Using tiny amounts of silver to find even tinier amounts of arsenic

Ensuring water is safe from arsenic is important if we are to avoid poisoning millions of people, and the task has been made easier after a French team found a new way to detect it at even very low concentrations.

Arsenic occurs naturally in the earth’s crust, but can get into drinking water and soils via groundwater. The World Health Organization recommends that arsenic (As) levels in drinking water do not exceed 10 micrograms per litre: a microgram is a millionth of a gram.

It’s difficult to detect  at this low, which makes arsenic monitoring expensive and time-consuming. Worldwide, it’s likely that 140 million people have drinking water with arsenic levels above the recommended amounts.

What’s more, there are two commonly occurring types of arsenic – As(III) and As(V) – which are hard to differentiate. As(III) is more toxic than As(V), so being unable to tell which is which makes it harder to judge the danger of arsenic contamination.

The researchers, who have published their findings in the Journal of Applied Physics, have developed sensors that can spot arsenic at concentrations of one microgram per litre, and discern the two forms.

The sensors are made by submerging glass plates in a liquid that contains dissolved silver, which provokes a chemical reaction that deposits tiny amounts of silver onto the glass.

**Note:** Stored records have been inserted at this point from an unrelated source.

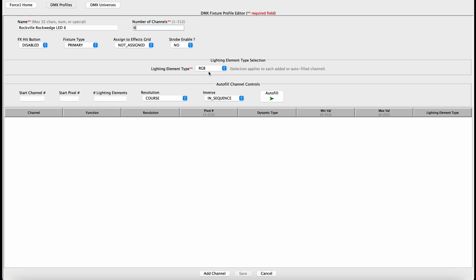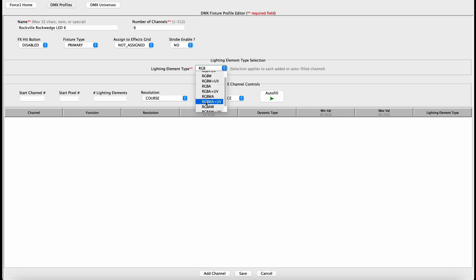And what we want to do here is select the lighting element type that is appropriate for this light. In this case, this light uses red, green, blue, white, amber, UV. So you've got to make sure you select that appropriately. And what we want to do is utilize the autofill channels control feature down here. This is the least error prone way to generate the DMX profile for this type of light.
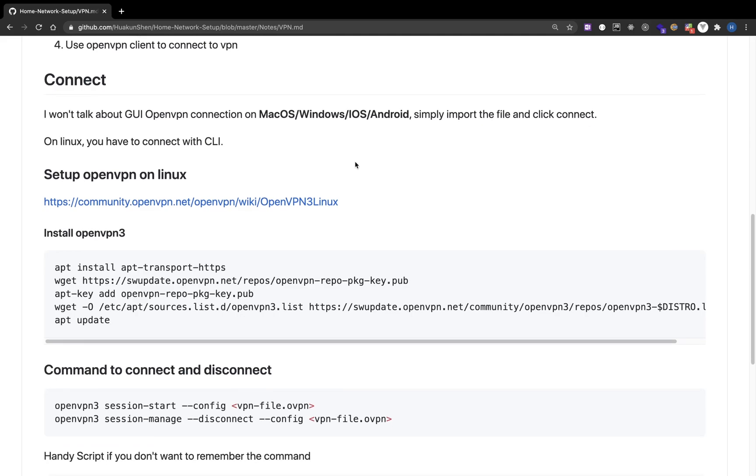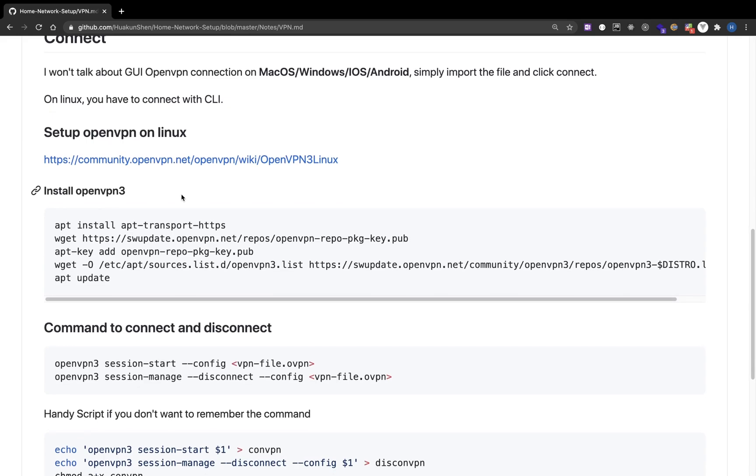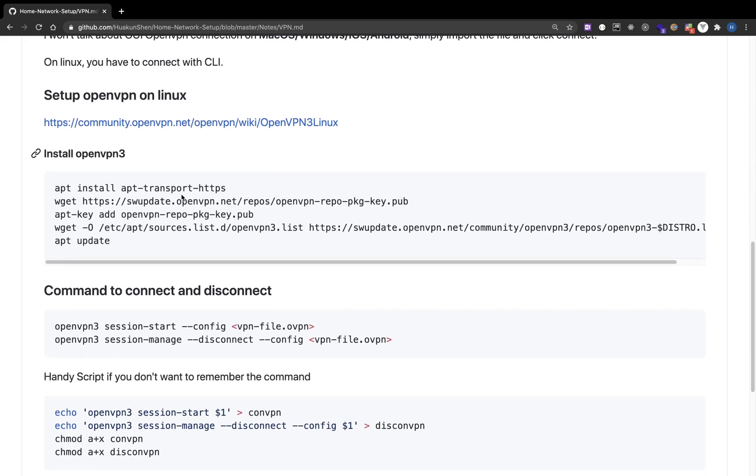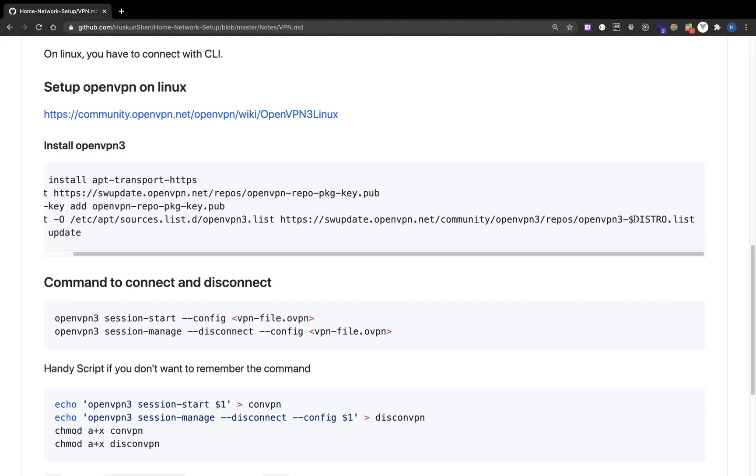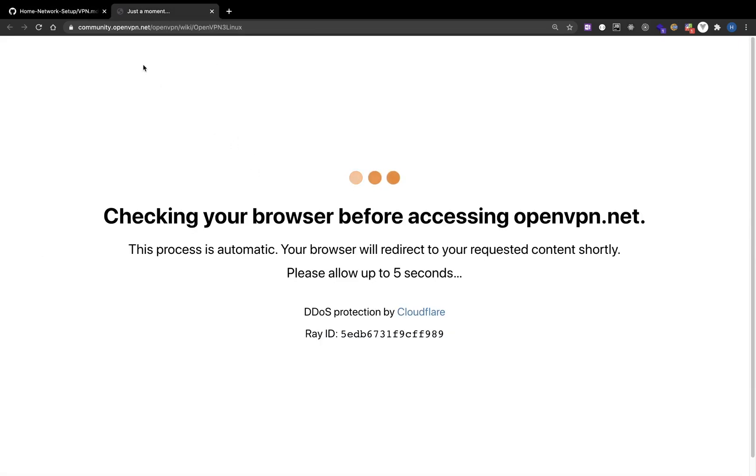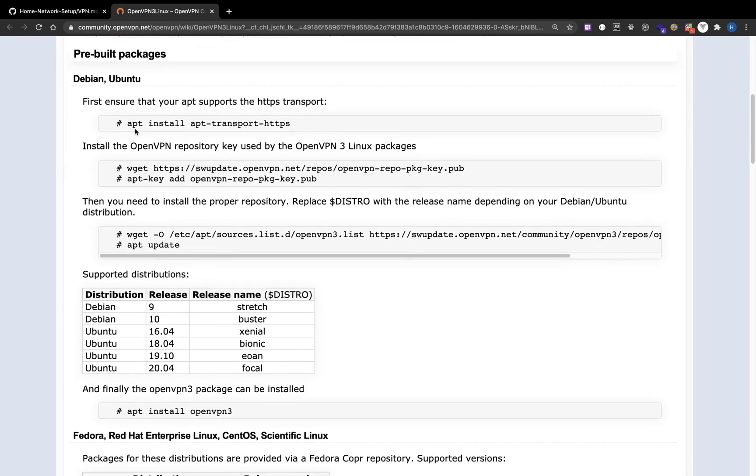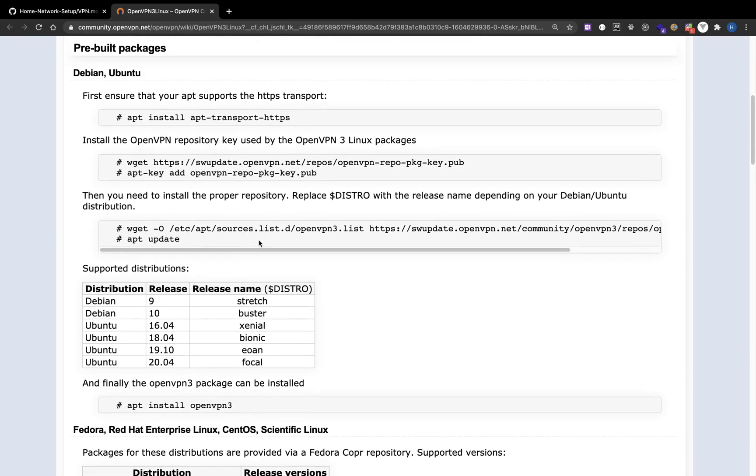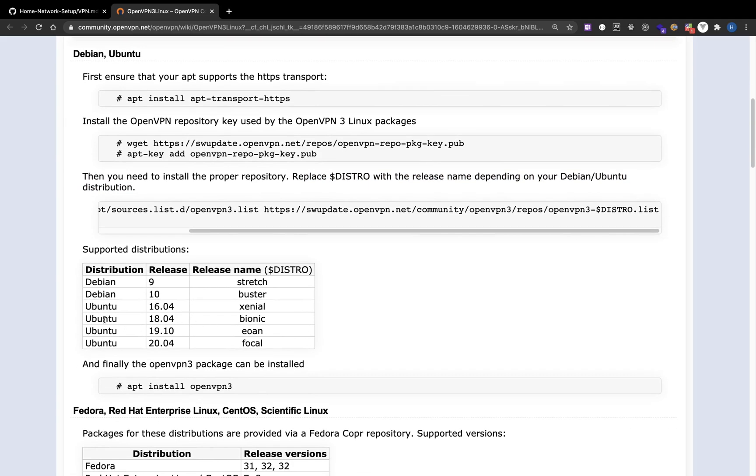On Mac, Windows, iOS and Android you can download the app and use it. They have graphic interface and it's very intuitive. However on Linux you will need to use the command line openvpn3. Here are the commands for installation, but there is one environment variable that you need to change, it's the distro. You can go to the official website to see more details. So for the distro environment variable it depends on which operating system and which version you're using.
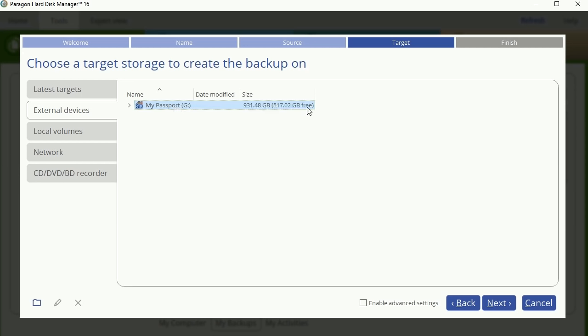So if you're going through the Paragon hard disk manager to do a backup and you came from that video and it didn't recognize your external drive, try to go through these steps and see if it recognizes that. Or if you're having an issue with the WD passport not recognized, also go through these steps as well.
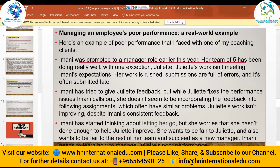Here is a real-world example of managing poor performance. Imani was promoted to a manager role earlier this year. Her team of five has been doing well with one exception — Juliet. Juliet's work isn't meeting Imani's expectations: her work is rushed, submissions are full of errors, and it's often submitted late. Imani has tried to give Juliet feedback, but while Juliet fixes the issues temporarily, she doesn't incorporate the feedback into following assignments.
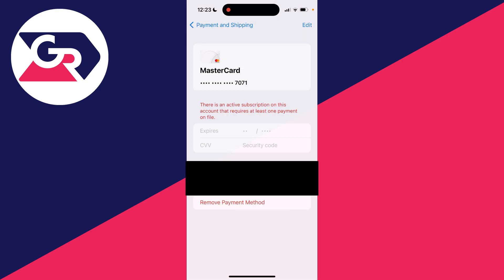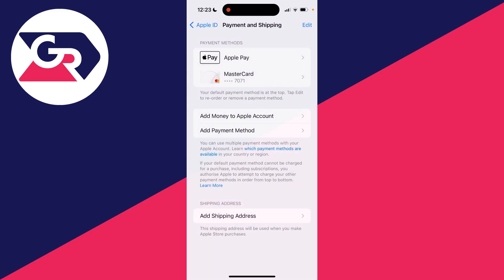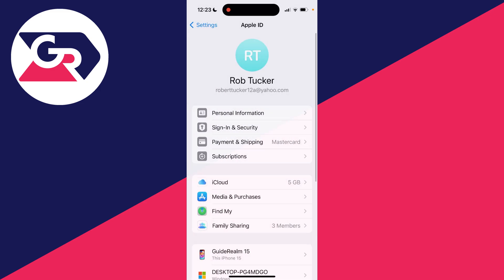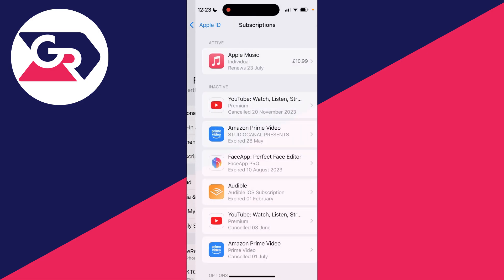To go and remove it we need to go and cancel and unsubscribe. So what we need to do is come out of these settings back to your main Apple ID settings and go and click on subscriptions.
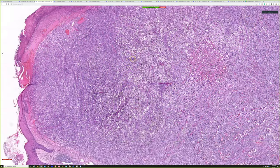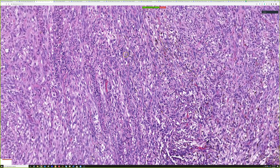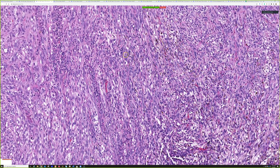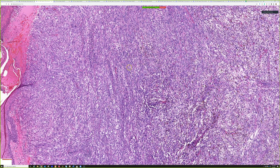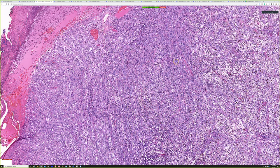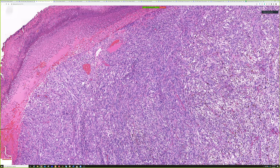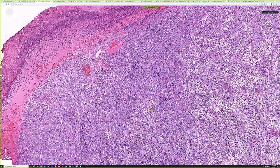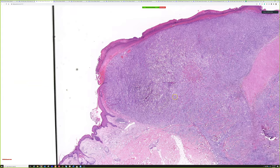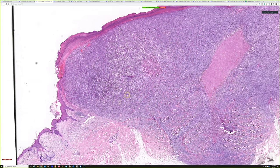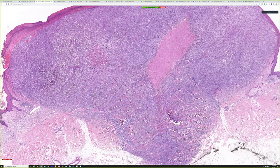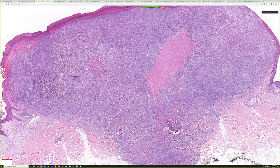Another consideration given the clinical history of a rapidly growing nodular lesion is atypical fibrosanthoma, or AFX.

Photo of silver film on glass plate next to microscope image of silver surface
Left: A sample of a silver nanostructured film, deposited by the electroless technique on a glass plate. Right: A zoom in on the silver film at 1.5 micrometre scale, by atomic force microscopy. Credit: Dominique Vouagner

The silver forms nanometre-sized structures that hold arsenic-containing molecules.

Then, the arsenic can be spotted with a technique called surface-enhanced Raman spectroscopy (SERS): hitting the surface with a laser, and spotting arsenic through the unique way it scatters light.

SERS can also be tuned to spot other contaminants.

“By using SERS, we can detect and speciate pollutants even at the lowest concentration,” says study co-author Dominique Vouagner.

Read more: Toxic groundwater threatens millions

Their method for making the sensors – called an ‘electroless’ method – also rendered them much more sensitive than the conventional way of making SERS sensors.

Even better: it’s fairly easy and safe to do.

“Our technique for developing this SERS substrate makes it simple to manufacture because the electroless films can be easily deposited on various substrates,” says Vouagner.

“Plus, the starting compounds have low environmental toxicity, which is a benefit for detection measurements in natural as well as potable water.”